He says, “no more, ” now he says, “no less”
And the people wanna know where he goes next
Mind of a saint so he knows best
But he don’t sleep, nah, he don’t rest
Turning water into wine, that’s mad, that’s mad
Everybody always wants what he has
Gets a little messy in Heaven
Gets a little messy in Heaven
( Goddard/Newman/Doyle/Cinti)
Last weekend I was at Glastonbury…virtually. I’ve applied unsuccessfully for tickets a number of times , and at this point I think I might enjoy the idea of going to Glastonbury rather than actually going. I do have tickets for the Electric Picnic, which is Ireland’s ‘I Can’t Believe It’s Not Glastonbury’, but my Soulmate says I will only go if we can procure a camper van…our days of sleeping in tents are over…and in all honesty totalled 14 nights out of our 40 years together so far…but that was enough.
We went on holidays to Pembrokeshire in Wales with our Welsh cousins, the Liddys, and our esoteric friends , the Coopers. Those wise and well experienced campers had both brought caravans, and we had a giant tent with three little tents inside for sleeping in. My Soulmate and I slept , or rather stared at the nylon roof of our tent , which was claustrophobically close to our noses, on a double airbed. And I ‘slept’ against the outer tent wall.
We had barbeques every evening with lashings of weirdly named English beers, and a few cheeky glasses of wine. And then we went to bed in our nylon roofed tent , which was claustrophobically close to our noses, on a double airbed. And I ‘slept’ against the outer tent wall. Finding it necessary to go for a ‘wee’ then entailed unzipping myself out of my sleeping bag and then delicately caterpillar crawling over my sleeping Soulmate, unzipping our pod, finding footwear in the dark, unzipping the main tent, and traipsing through the wet grass to the ‘toilet’ where all of the bourgeoise caravanning gentry emptied their chemical toilets. And then turning round and trudging back to our tent, taking off my shoes, reverse caterpillar crawling over my ‘pretend sleeping’ Soulmate , harrumphing myself back into my sleeping bag , and returned to staring at my nylon roof.

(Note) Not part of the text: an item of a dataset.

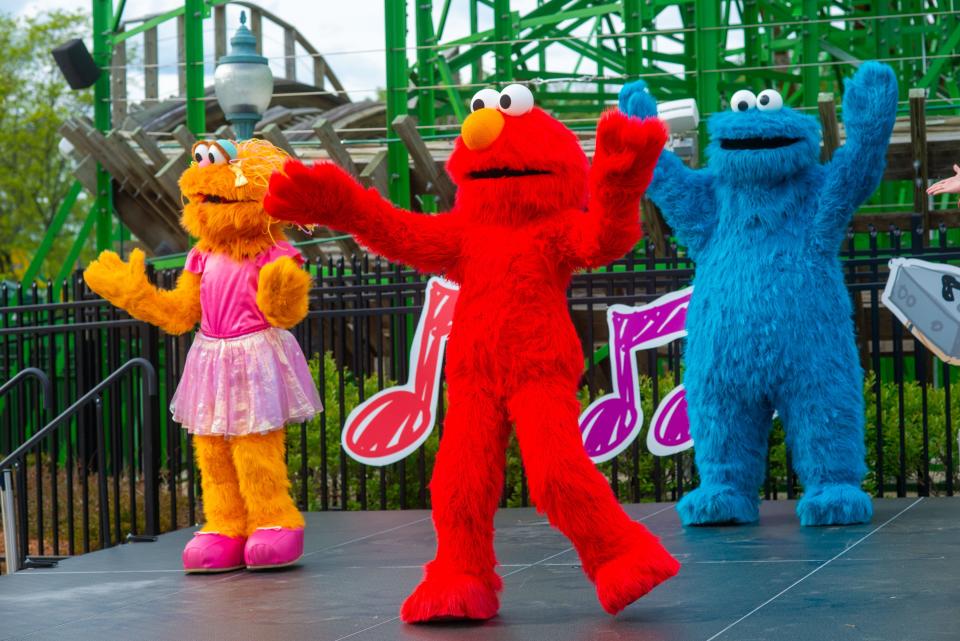 Elmo leads a dance onstage at Sesame Place in Langhorne.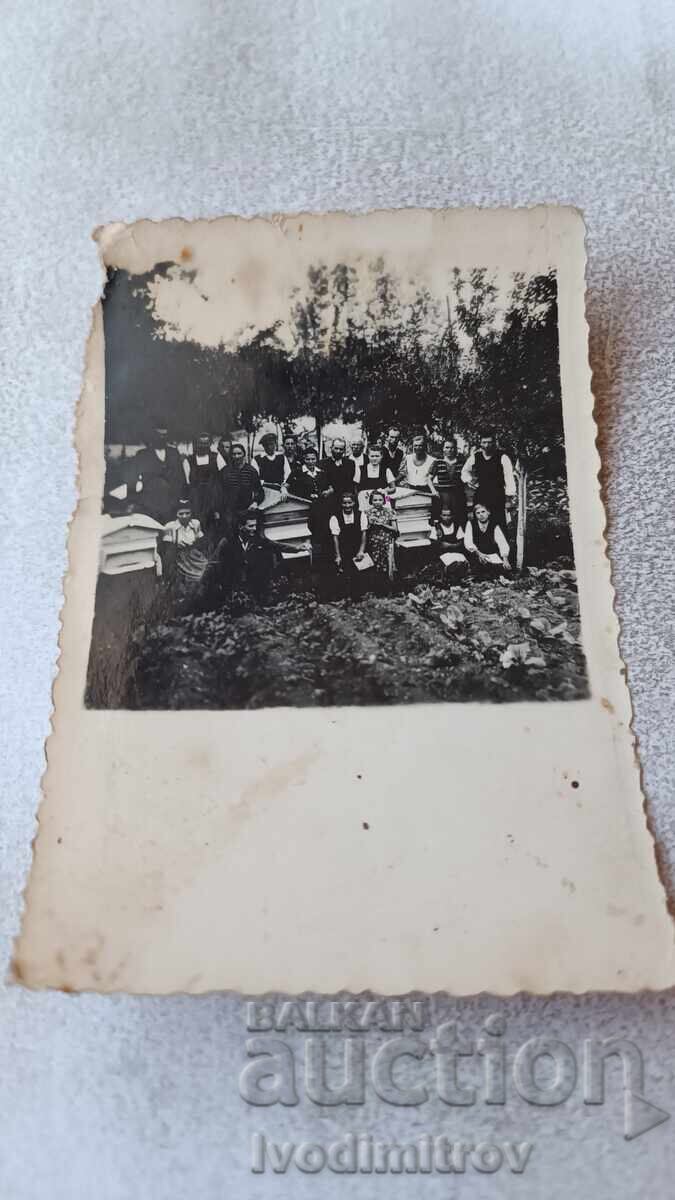 Photograph Men and women near beehives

An hour or two would pass , and then I would have to do it all again, except this time I may have been met with a few “Jesus Christ ! You’re going again ?!?” , or a simple , lovingly whispered “For fuck’s sake !” , and on the third or fourth night, the cryptic “ I should have listened to my mother…”
After a week or so I was getting fed up going all the way to the loo for a wee, so silently went around the back of our hedge, undetected, and piddled in the hedge instead. I was sure no one ever knew until the last night when our kids were playing hide and seek with the Liddy and Cooper kids while we sat under the Liddy’s awning drinking sophisticated Asda red wine, which was simply labelled ‘Red Wine’ , and I heard our Jake warning the others not to hide behind our tent “…because that’s where Dad wees a couple of times every night.” And all of the other kids turned and looked at me, the boys with admiration, the girls with horror.

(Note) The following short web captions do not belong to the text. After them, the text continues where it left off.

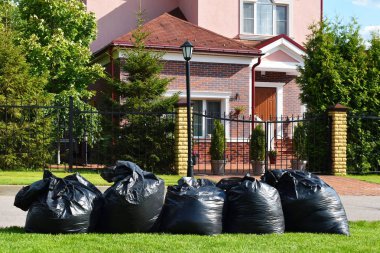Çimenlikte büyük siyah çöp torbası var. Alanın temizlenmesi.
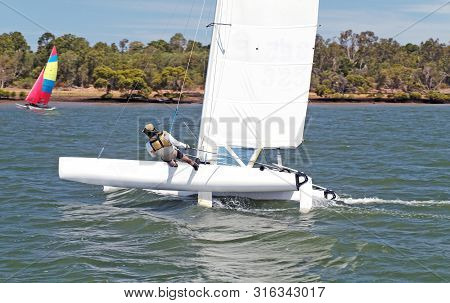 Youth Sailing Small Catamiran Boat With A White Sail On An Inland Waterway. Sailing For Fun And In C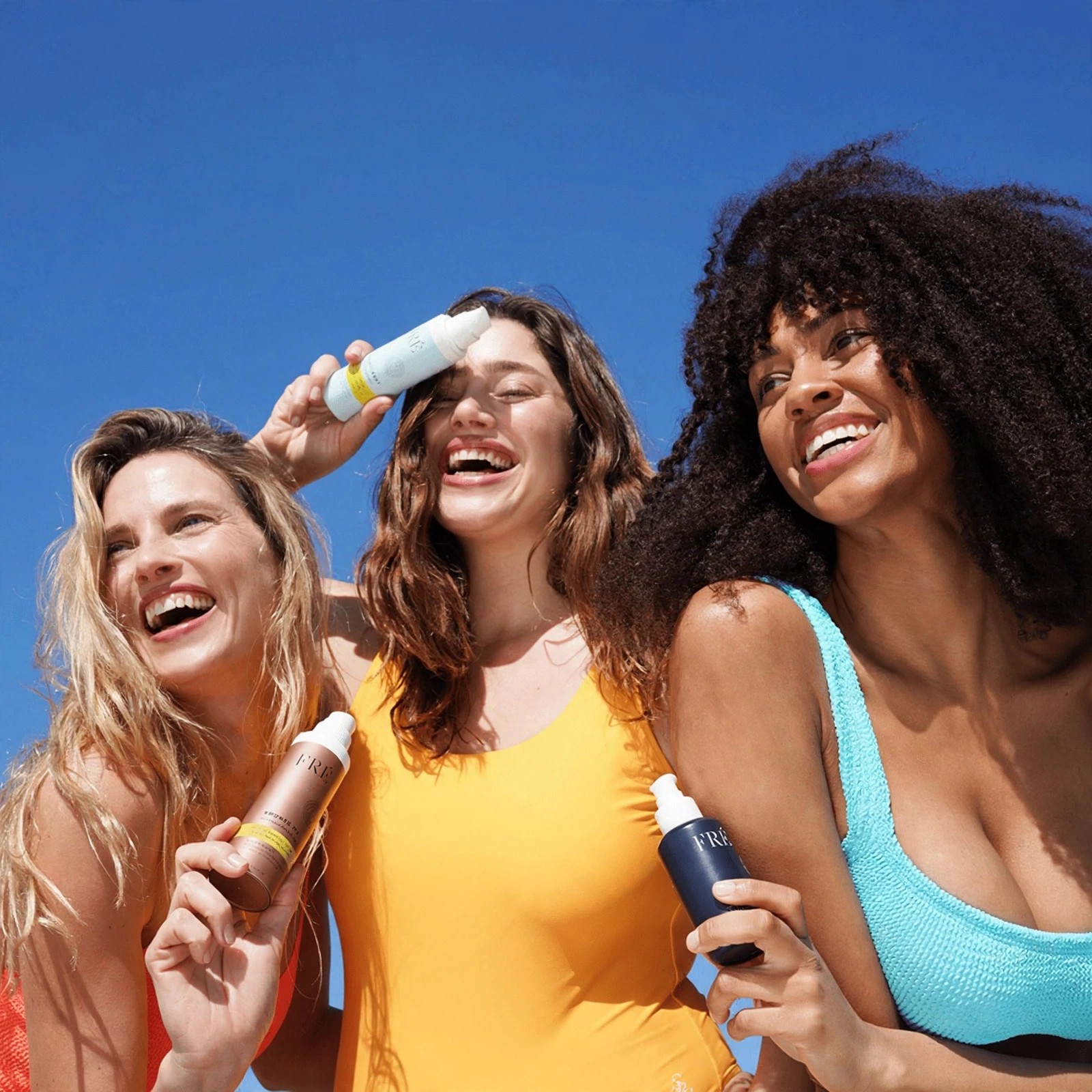 Friends in swimwear posing together with skincare bottles.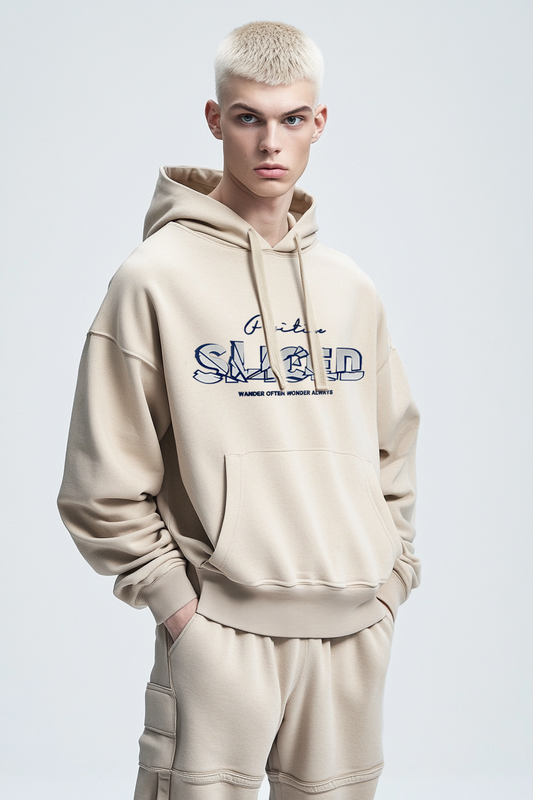 Men's beige hoodie features a silver metallic print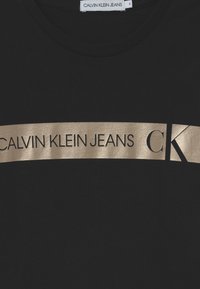 Svart bomullströja med en glansig guldslogo-rand som har "CALVIN KLEIN JEANS" och "CK" tryckt i svart. Crew neck-design.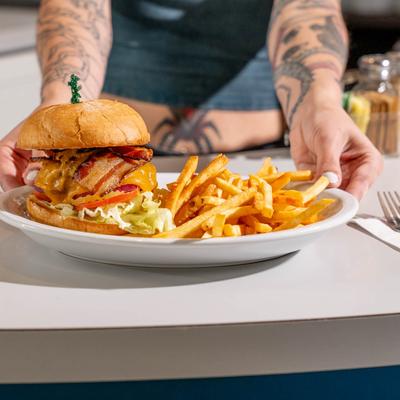 A server places a plate of classic cheeseburger and fries on a white counter.
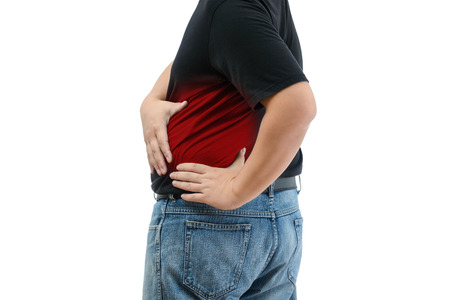 Young man suffering from strong backache on white backgroundの写真素材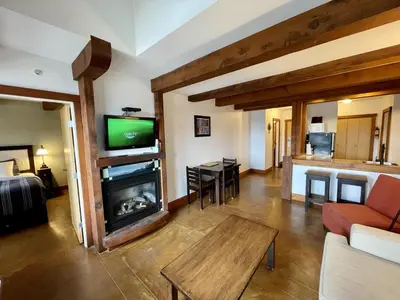 a living room with a fireplace and a tv at Great Condo In Excellent Location - Waterfront Building - Seaside in Ucluelet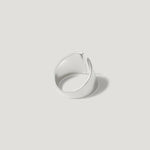 Minimalist open silver ring with smooth finish on light background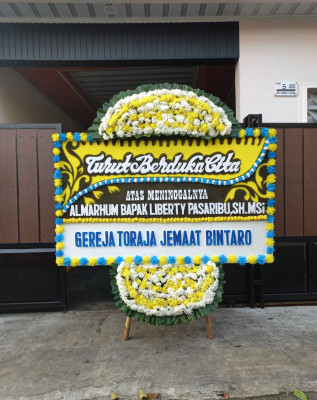 Papan Bunga Duka di Bandar Petalangan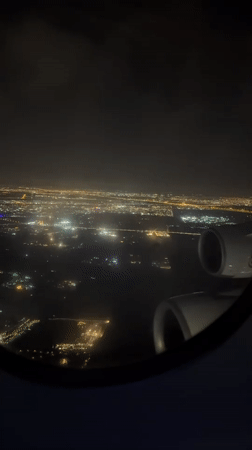 Traveler captures nighttime aerial views of illuminated Dubai cityscape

It was heaven…and it was messy.
So when I first mooted the idea of going to The Picnic, my Soulmate quickly pointed out the above experience and said why the hell would we go through that again.
“This time there’ll be music !” I suggested, but , secretly know she’s right.
A compromise may end up being a sleep in the car…I’ll keep you posted.
Or maybe RTE could televise The Picnic the same way the BBC do ? And then I’d have cold beer, a flushing toilet, a bed, and an array of dry underwear to choose from daily.
At Glastonbury this year I discovered Max Richter, RAYE, Obongjayer, VC Pines, Amadou & Mariam, Young Fathers, Sudan Archives, and Jockstrap. I also caught up with old friends , Queens Of The Stone Age, The Artic Monkeys, Lizzo, Yusuf/Cat Stevens , The Unknown Mortal Orchestra, Cat Power, CMAT, The Mary Wallopers, and Elton.
But the song that’s been in my head since is Venbee’s ‘Messy In Heaven’. It’s a song about Jesus, and cocaine, but in a nice way. It’s an imagining of his struggles, and reminded me of Richard Bach’s ‘Illusions – The Adventures Of A Reluctant Messiah’ which has always been my favourite book since Kevin Kelly, a fellow Holy Ghost novitiate , handed it to me when we were staying in an old Holy Ghost Brothers house somewhere in Meath. I read it that day, and several times that week, and have given it to many people over the years as a gift. I always preferred it to his more famous ‘Jonathan Livingston Seagull’.
I think they both remind me that there’s never really a straight line between two points, and that, perhaps people , and their lives, that we look on with envy, may very well be every bit as messy as ours.
My life is wonderfully messy.
And I always take the long way round, not always intentionally, but it’s more interesting, and the other people who are lost there with you are always far more interesting than those who grew up, and seem to know what they’re doing.